Вы здесь: Авторские колонки FantLab > Авторская колонка «baroni» > Владимир Сорокин: В России вполне бы ужились высокие технологии и телесные наказания на площадях"
Поиск статьи:
   расширенный поиск »

Владимир Сорокин: В России вполне бы ужились высокие технологии и телесные наказания на площадях»

Статья написана 7 августа 2008 г. 01:29

Материал опубликован в «Газете» №147 от 2008-08-07г.

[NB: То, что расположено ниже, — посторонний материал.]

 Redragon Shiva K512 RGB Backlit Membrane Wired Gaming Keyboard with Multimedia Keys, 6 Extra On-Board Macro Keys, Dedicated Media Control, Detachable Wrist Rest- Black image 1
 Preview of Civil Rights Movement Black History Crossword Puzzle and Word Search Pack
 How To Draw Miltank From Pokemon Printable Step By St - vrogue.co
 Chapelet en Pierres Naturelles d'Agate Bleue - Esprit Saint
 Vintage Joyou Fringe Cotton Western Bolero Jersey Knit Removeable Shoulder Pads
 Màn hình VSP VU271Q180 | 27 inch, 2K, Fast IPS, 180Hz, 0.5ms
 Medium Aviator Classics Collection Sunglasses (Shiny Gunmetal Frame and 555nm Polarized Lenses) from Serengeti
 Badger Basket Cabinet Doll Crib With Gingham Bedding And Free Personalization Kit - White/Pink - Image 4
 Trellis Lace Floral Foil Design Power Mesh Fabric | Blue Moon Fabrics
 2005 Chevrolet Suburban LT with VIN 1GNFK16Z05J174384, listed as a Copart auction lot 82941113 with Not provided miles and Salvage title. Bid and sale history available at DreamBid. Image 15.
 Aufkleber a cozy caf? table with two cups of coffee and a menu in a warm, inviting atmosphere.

В самом скором времени в свет выйдет новая книга Владимира Сорокина «Сахарный Кремль» — сборник рассказов, живописующих мир недалекого российского будущего, который впервые был изображен писателем в романе «День опричника». О работе над книгой и о своем восприятии российской действительности рассказывает Владимир Сорокин.

  — «День опричника» и «Сахарный Кремль» — это антиутопическая литература. Ощущаете ли вы себя продолжателем традиций антиутопии — традиций Замятина, Оруэлла, Берджеса?

— И да и нет. Я всегда описывал то, что не существует, миры, которые были во многом вымышлены. Но антиутопия как жанр очень привлекательна, она дает возможность быть творцом истории. И Берджес, и Оруэлл, и Замятин — все они как бы творили историю. В случае с «Сахарным Кремлем» оказывается возможным получить некую площадку обозрения. Знаете, бывают такие площадки, на которые ставят телескопы, как, например, в Гонконге, где можно разглядывать горы. Так и здесь: я экспроприировал 2028 год, чтобы поставить там телескоп и взглянуть на современную Россию.

— Почему в будущем, которое вы описываете, доминирует такая архаическая стилистика?

— А что, в русской жизни мало архаического? Центром громадной страны по-прежнему является Кремль, где живут правители-небожители — русская власть. Она по-прежнему, как в XVI веке, закрыта, непрозрачна, во многом непредсказуема и абсолютно беспощадна по отношению к народу. Отношения между государством и народом у нас по-прежнему архаичны. Я лишь оформил эти отношения стилистически, добавил то, чего не хватает. Не хватает как раз такого языка и всех атрибутов развитого феодализма. Я думаю, что в России вполне бы ужились высокие технологии и телесные наказания на площадях.

— Как вы представляете себе вашего нынешнего читателя — это тот, кто уже стал частью неприемлемой для вас системы, впал в золотой сон, или это ваш единомышленник?

— Здесь я как-то теряюсь. С одной стороны, мне приятно, когда книгу читают люди подготовленные, те, кто знает, что я, собственно, делаю. Но с другой стороны, «День опричника» прочли многие из тех, кто вообще меня не читал, а также те, у кого я раньше «не пошел», и эта книга произвела впечатление. Это меня радует, особенно если учесть, что я по-прежнему экспериментирую. Радует, что появились новые читатели.

Не так давно вы представляли «День опричника» за рубежом. Что вы можете сказать о том, как книгу воспринимают на Западе?

— Книга должна выйти на 20 языках и уже вышла на 10: французском, немецком, польском, шведском, сербском, испанском и других. Ни одна из моих книг не вызывала такой лавины рецензий и упоминаний. Роман цитировал Даниэль Конбендит на заседании Европарламента, посвященном России, упоминал Березовский в послании к Путину. Эта книга стала больше чем литературой.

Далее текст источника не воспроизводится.